Understanding NATURE & HARMONY in Japanese Architecture
Interview with Yuko Nagayama
A meticulously wrapped building in the Al Forsan Park EXPO 2020 Dubai Opportunity District beckons visitors to come inside. The Japan pavilion not only references the meeting between the traditional Middle Eastern “arabesque” pattern and the traditional Japanese “Asanoha (hemp leaf)” pattern but Japan’s fascination with gift wrapping, Origata, and paper folding, Origami.
Inside the building, as guests meander through the exhibits, the latest technology has allowed designers to convey Japanese history, art, and culture, in a futuristic way few would have imagined.
The water features that reflect the image of the Japan Pavilion add ornamentation to the scenery in the form of reflection pools and at the same time, borrow from the traditional methods of Japan and the Middle East. Sustainable architecture is realized through capturing the wind cooled by the heat vaporization of the water.
Taking “Connect” from the EXPO 2020 Dubai theme, architect Yuko Nagayama, Yuko Nagayama Associates principal and EXPO Japan Pavilion chief designer, integrated culture, technology, and sustainability into her design. The pavilion’s façade, with its delicate and slender architectural structure, combines both cultures and embodies Japan’s ability to respond flexibly while integrating with global culture.
“The design represents the fusion of Japanese and Middle Eastern cultures, to represent the long-standing relationship between the two nations,” Nagayama said.Yuko Nagayama, Yuko Nagayama Associates
Japan shares the stage with 191 nations and organizations participating in the world EXPO, a 170-year tradition held every five years. The event provides a platform for countries to showcase the greatest innovations and latest technology that continue to shape the world we live in today.
Throughout the project, Nagayama and the on-site teams worked together to overcome the differences in the production environment and the regulations of each country. The result is a high-quality pavilion.
“This was due to the fact that everyone shared the same concept that I had initially proposed and we were able to push forward toward that goal together,” Nagayama said.
Nagayama’s design emphasized the overall Expo 2020 Dubai theme but as she explains, instead of using special materials to express Japan, she said, we thought to express Japan using global materials.

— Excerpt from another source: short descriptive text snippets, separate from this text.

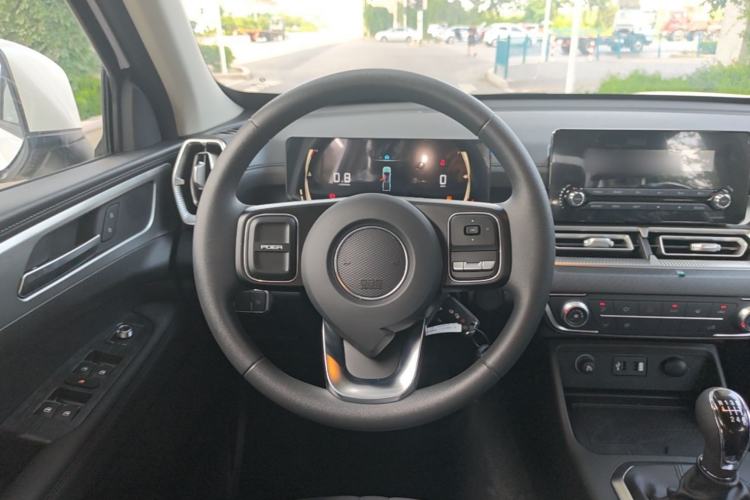 Used Great Wall King Kong Poer 2024 2.0T Manual Diesel Two-Wheel-Drive Base Edition Flatbed Steering Wheel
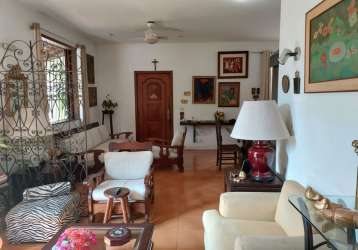 Vendo casa no jardim icaraí - niterói - rj.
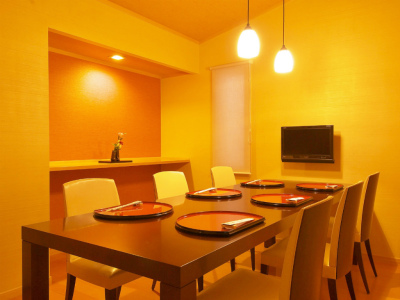 露天風呂付き和洋室「橘」専用ダイニングルーム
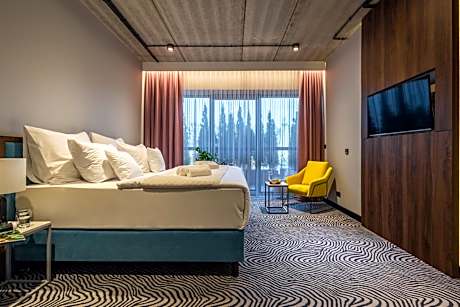 Deluxe Double Room with Balcony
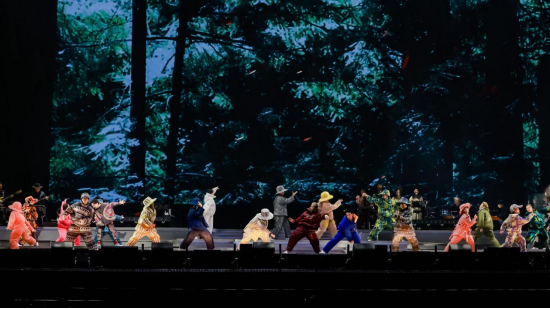 陈奕迅演出2021_陈奕迅参与音乐节演出，现场气氛热烈_陈奕迅活动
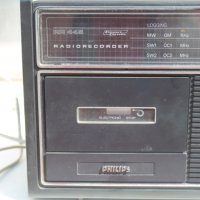 радио касетофон Филипс , снимка 2 - Радиокасетофони, транзистори - 34116922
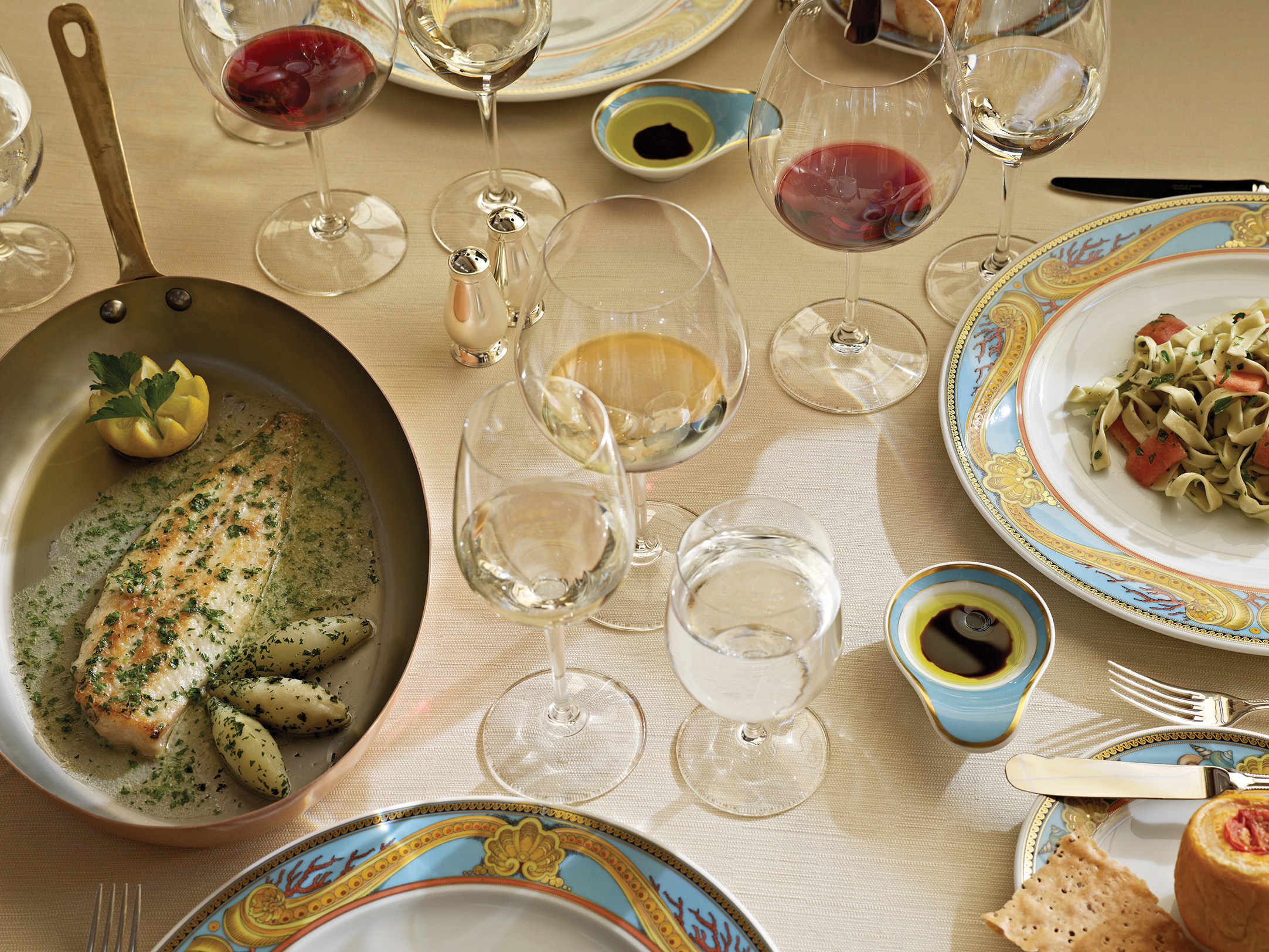 Das Restaurant Toscana zelebriert die Leidenschaft der italienischen Küche und serviert seine Gerichte auf eigens gestaltetem Porzellan von Versace.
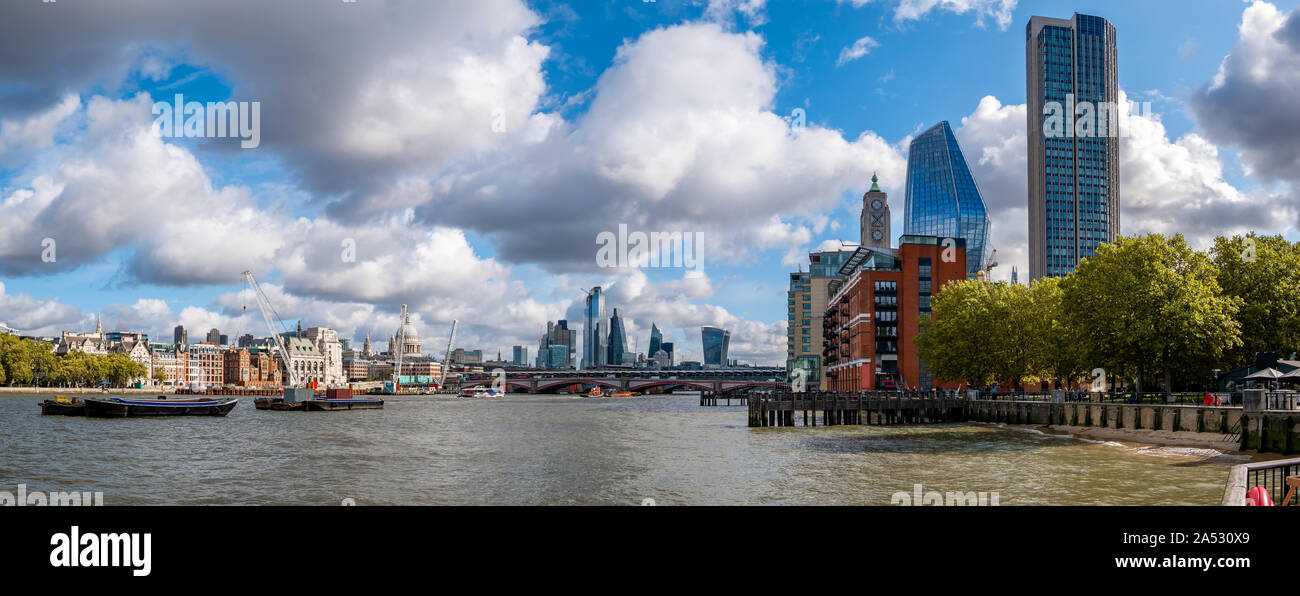 Vue panoramique sur la ville de Londres, quartier financier, par beau temps Banque D'Images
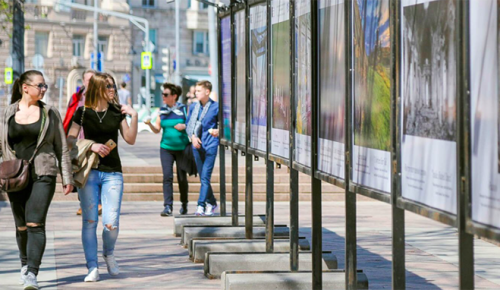 Ко Дню России на Цветном бульваре в Москве открыли фотовыставку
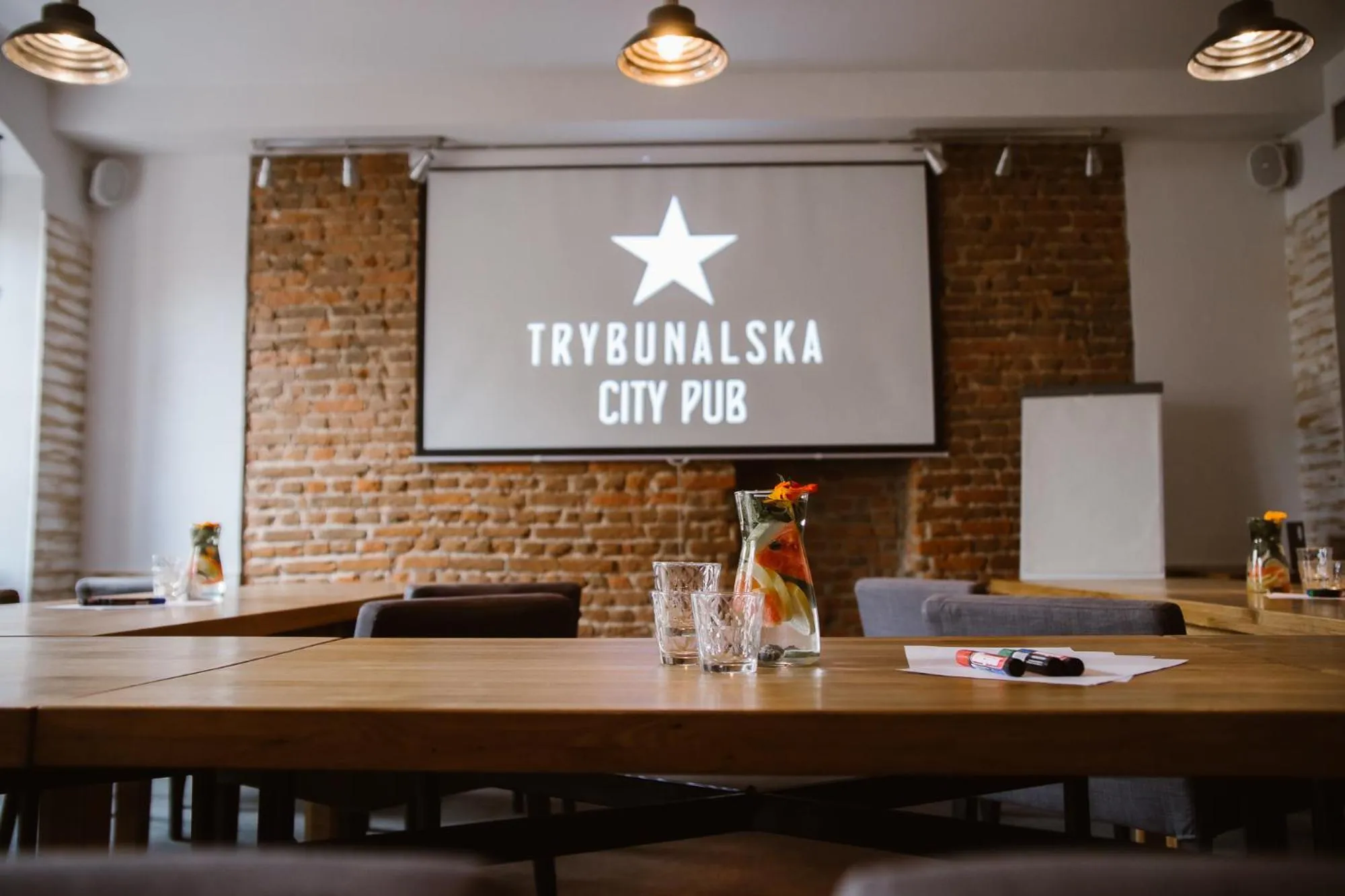 Restaurant/places to eat in Trybunalska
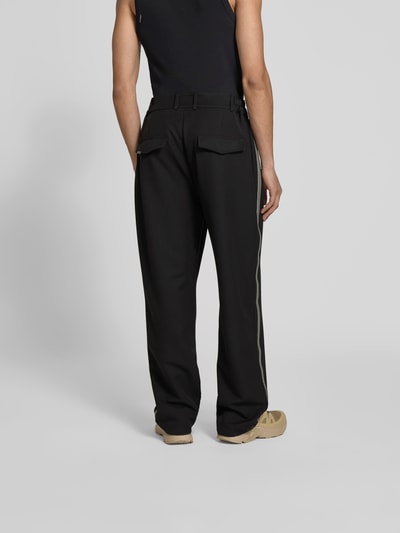 Männermodel trägt Oversized Sweatpants aus Leinen-Mix von Don’t Waste Culture in Schwarz mit Gesäßtaschen, Haken- und Reißverschluss, Ganzkörperansicht Rückansicht.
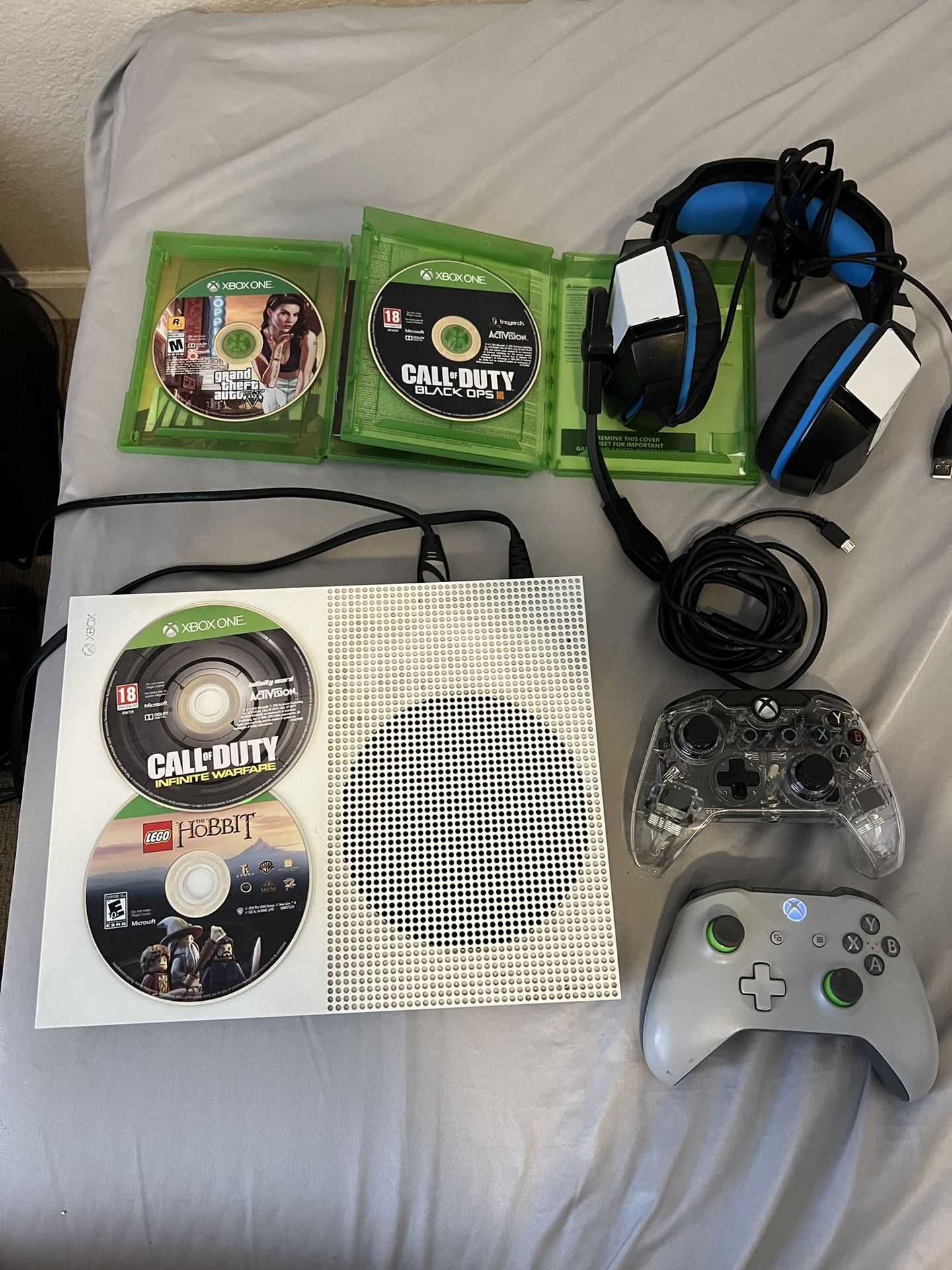 Xbox One S (white)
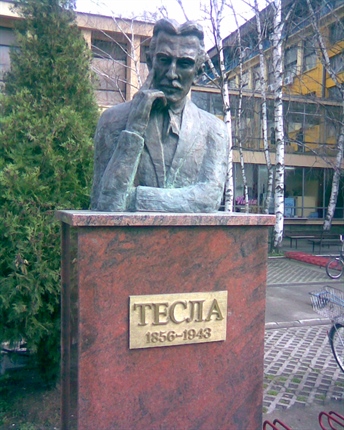 Tesla's Bust in Novi Sad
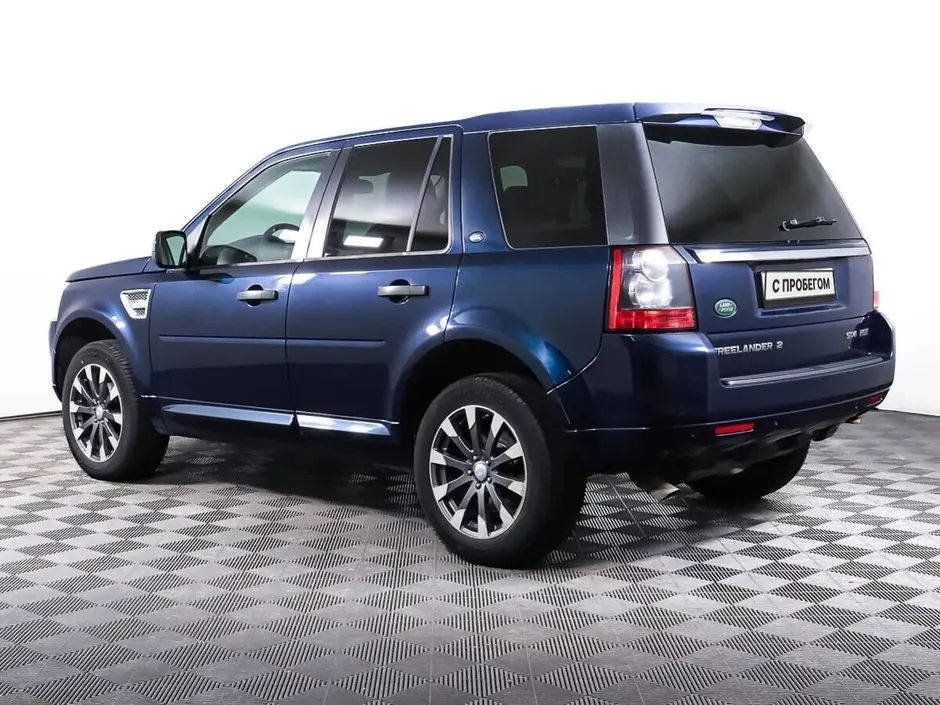 «Авто на Неве»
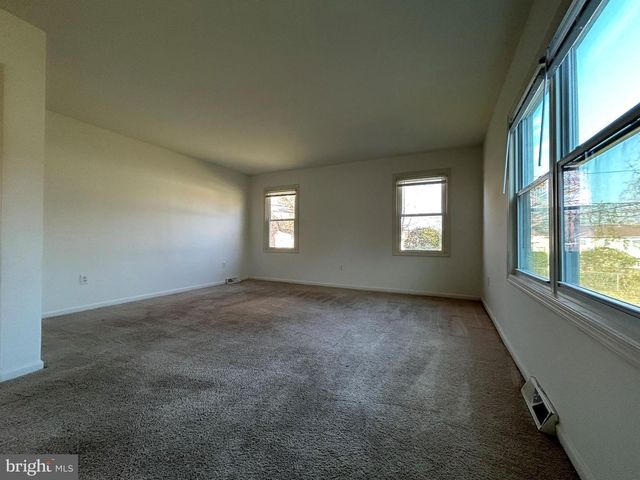 7 ELK LN, Newark, DE 19713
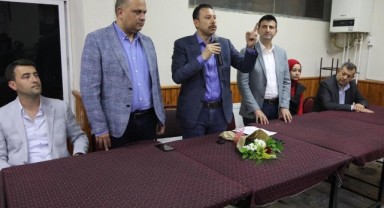 AK Partili Kaya'dan muhalefete tepki: İzmir, özerklik hayallerine geçit vermeyecek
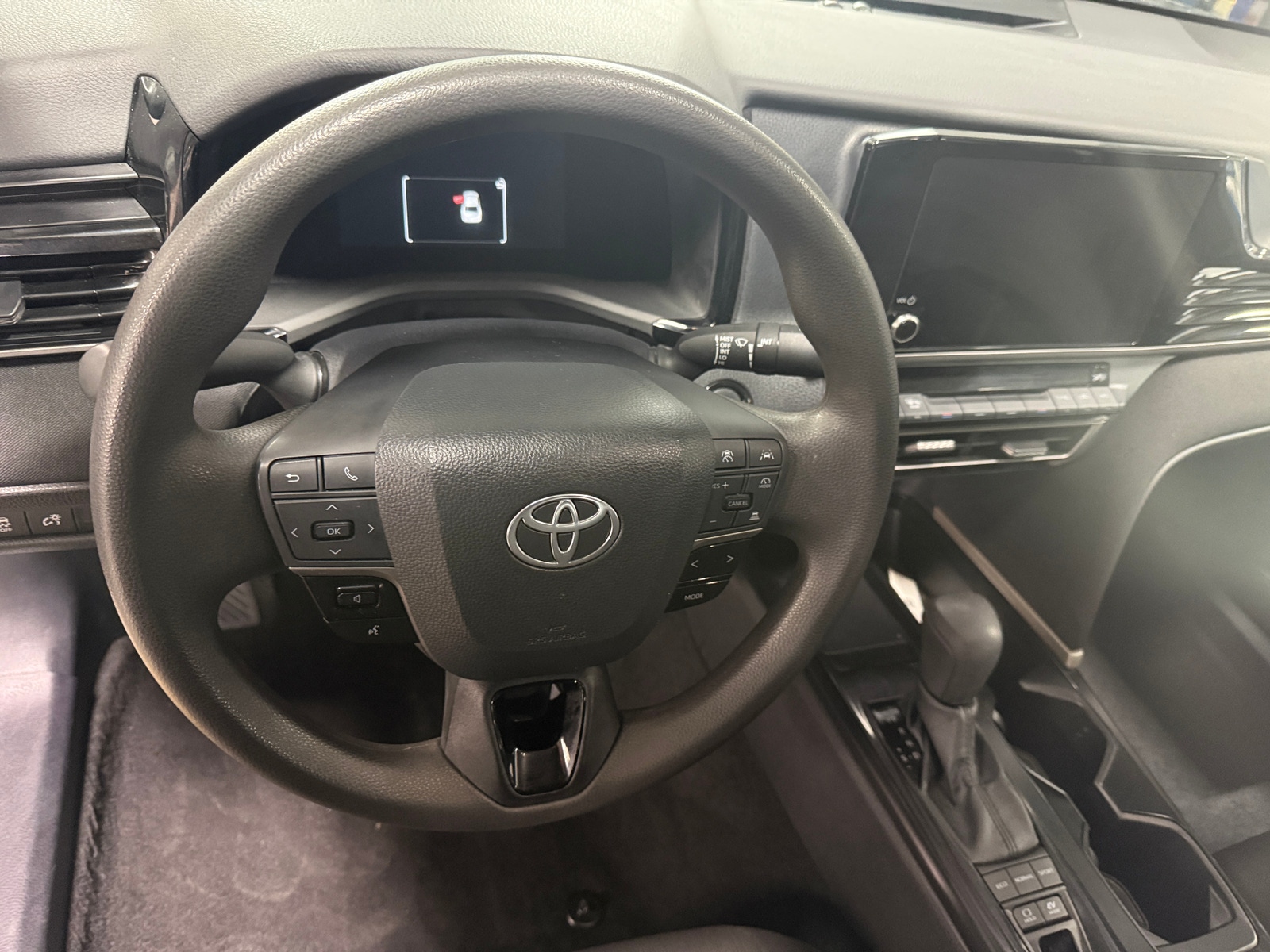 Thumbnail: 2025 Toyota Camry - 5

The design features parametrically designed smaller membranes, rather than a large membrane commonly used in most membrane architecture, with the position of the shadows determined by the movement of the sun, and according to the use of the space.
Similarly, in keeping with traditional Japanese art and design principles that focus on maintaining harmony with nature, Yuko said “While the lattice is systematic, the position of the membranes is randomly determined by the surrounding environment and other conditions. After the work was completed, various shadows fell on the surrounding area like sunshine through the trees.”
The use of Japanese water technology widely used in the Middle East is equally as important to the overall design and is expressed in the water basin outside of the pavilion. Sustainability is captured through the semi-exterior space by utilizing a small membrane on the façade of the building to block the sunlight. By placing the water basin in an appropriate position, when the wind blows, the building is cooled by the water basin and slips through the small membrane to enter the room. This method uses the power of nature to regulate the indoor environment. The system is sustainable as it can be reused, according to Nagayama.
EXPO 2020 Dubai will continue through March 31, 2022, with events scheduled around the ongoing COVID pandemic. Visit https://www.expo2020dubai.com/en/plan-your-visit for ticket and travel information, and current COVID protocol.
YUKO NAGAYAMA ASSOCIATES
Born in 1975 in Tokyo, Yuko graduated from Showa Women’s University in 1998 with a degree in life and environmental sciences. From 1998 to 2002, she worked at the architecture studio of Jun Aoki. In 2002, she established her own studio, YUKO NAGAYAMA & ASSOCIATES. Her major work includes the Kyoto Daimaru Louis Vuitton store, A Hill on a House, ANTEPRIMA, Kayaba Coffee, Sisii, Kiya Ryokan, Teshima Yokoo House, the fifth floor of Shibuya Seibu AB, and Goddess of the Forest Central Garden (a hall complex in Kobuchisawa, Yamanashi). Her many accolades include the L’Oreal Encouragement Prize; JCD Design Award Encouragement Prize in 2005; AR Emerging Architecture Awards 2006 in the UK for A Hill on a House; Architectural Record Award, Design Vanguard in 2012; JIA Best Newcomer in 2014 for the Teshima Yokoo House; Yamanashi Architecture Culture Prize; JCD Design Award Silver Prize in 2017; and Tokyo Architecture Prize Excellence Award in 2018 for Goddess of the Forest Central Garden. She is currently designing a new skyscraper for the Kabukicho district of Shinjuku, planned for completion in 2022 and TOKYO TORCH in Tokiwabashi.